Um pouco mais tarde, a Lidia, a Rosa e a Josefina juntaram-se a nós. A Lidia sentou-se à minha direita. A Josefina ao lado dela, enquanto a Rosa se sentava ao lado da Górda. Tínhamos todos as costas apoiadas nos postes. Eu estava no meio do alinhamento.
Era um dia bonito. O sol estava justamente a cima da cadeia de montanhas ao longe. Elas puzeram-se a deslocar a cabeça numa perfeita sincronia. Juntei-me a elas e tive o sentimento que o meu movimento estava sincronisado com o delas. Continuaram assim durante cerca de um minuto, seguidamente pararam.
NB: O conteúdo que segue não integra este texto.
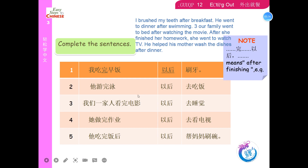Complete the sentence. 完什么什么以后，it means 'after finishing.' 一、我吃完早饭以后刷牙。二、他游完泳以后去吃饭。三、我们一家人看完电影以后去睡觉。四、他做完作业以后去看电视。五、他吃完饭以后帮妈妈刷碗。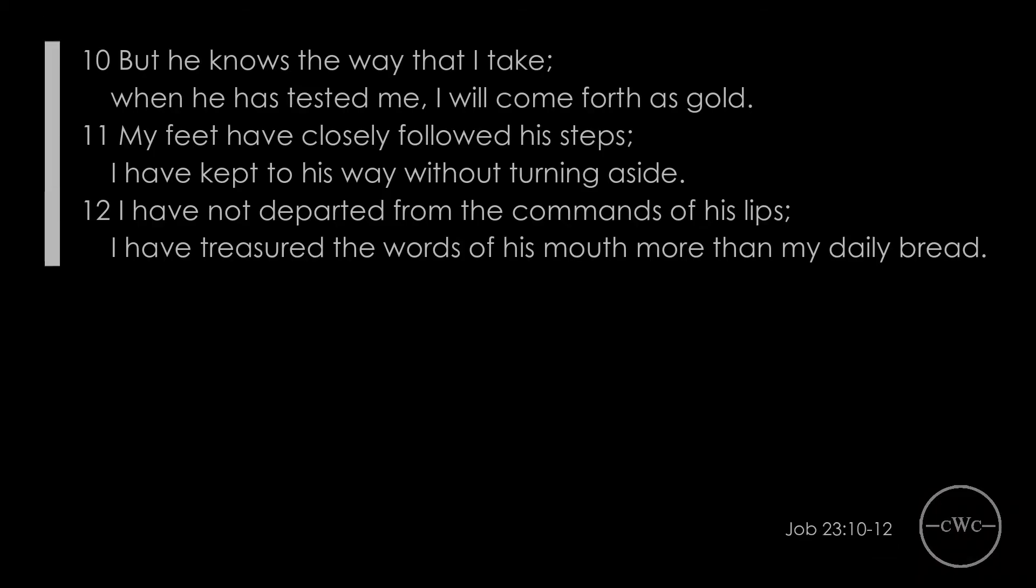Can we continue to say what Job has said in 10 to 12? He knows my way that I take, and he has tested me. I will come forth as gold. My feet have closely followed his steps. I have kept his way without turning aside. I have not departed from the commands of his lips. I have treasured the words of his mouth more than my daily bread. Can we say that in light of Jesus Christ and hold on to it until Christ returns, until the final judgment, no matter when that is, no matter how corrupt, how terrible the world may seem around us, and how hard pressed and how much we may suffer?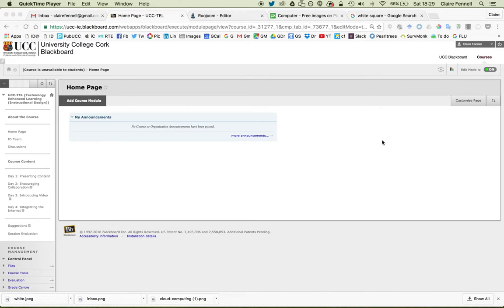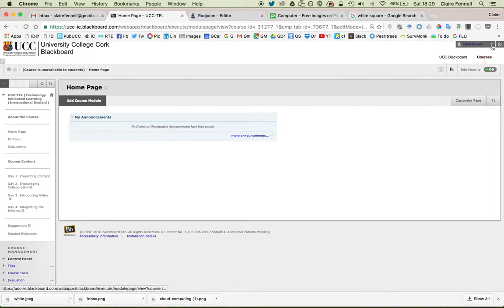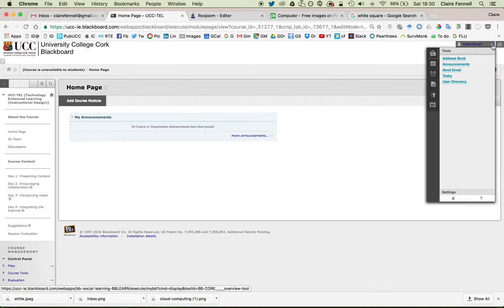In this short video, I'm going to show you how to change your photo in Blackboard. So firstly, you click on the drop-down next to your name, and click Settings.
Tinham todas chapéus, cujas abas protegiam o rosto do sol quando não banhavam os olhos na sua luz. A Górda tinha-me posto o meu chapéu velho.
Permanecemos assim cerca de meia hora. Neste momento, repetimos o exercício um número incalculável de vezes. Tinha a intenção de fazer um traço no meu bloco, para cada exercicio, mas a Górda, o mais naturalmente possível do mundo, empurrou o meu bloco de notas fora do meu alcance.

Este exercício descrito por Castaneda, é muito semelhante ao exercício de balanço lateral ensinado pelo Dr. LEFEBURE. A diferença principal situa-se no facto de Castaneda e os outros iniciados de Don Juan fixarem o sol com o olho esquerdo, mas voltaremos um pouco mais tarde a este ponto.
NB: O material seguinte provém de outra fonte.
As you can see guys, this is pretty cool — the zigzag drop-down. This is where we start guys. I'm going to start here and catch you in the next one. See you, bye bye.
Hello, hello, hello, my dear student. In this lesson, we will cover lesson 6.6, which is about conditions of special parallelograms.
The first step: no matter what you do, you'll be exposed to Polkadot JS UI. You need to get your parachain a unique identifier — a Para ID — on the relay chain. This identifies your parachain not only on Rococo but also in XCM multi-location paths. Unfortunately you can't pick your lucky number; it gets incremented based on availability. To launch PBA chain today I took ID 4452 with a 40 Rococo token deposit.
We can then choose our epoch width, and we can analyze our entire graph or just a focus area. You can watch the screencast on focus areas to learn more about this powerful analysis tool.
A fixação de uma fonte luminosa suficientemente potente provoca a produção de um fosfeno. Os fosfenos são as manchas de cores variáveis que se apercebe com os olhos fechados após ter fixado resumidamente uma fonte de luz. Correspondem ao que os oftalmologistas chamam imagens de persistência retiniana ou pos-imagens. Os fosfenos não são simplesmente devido a um trabalho da retina, mas (como o Dr. LEFEBURE demonstrou) são com efeito uma energia que emana do cérebro. Foi graças ao estudo dos fosfenos que o Dr. LEFEBURE pôde desenvolver um conjunto de técnicas que permitem um desenvolvimento eficaz da energia pessoal.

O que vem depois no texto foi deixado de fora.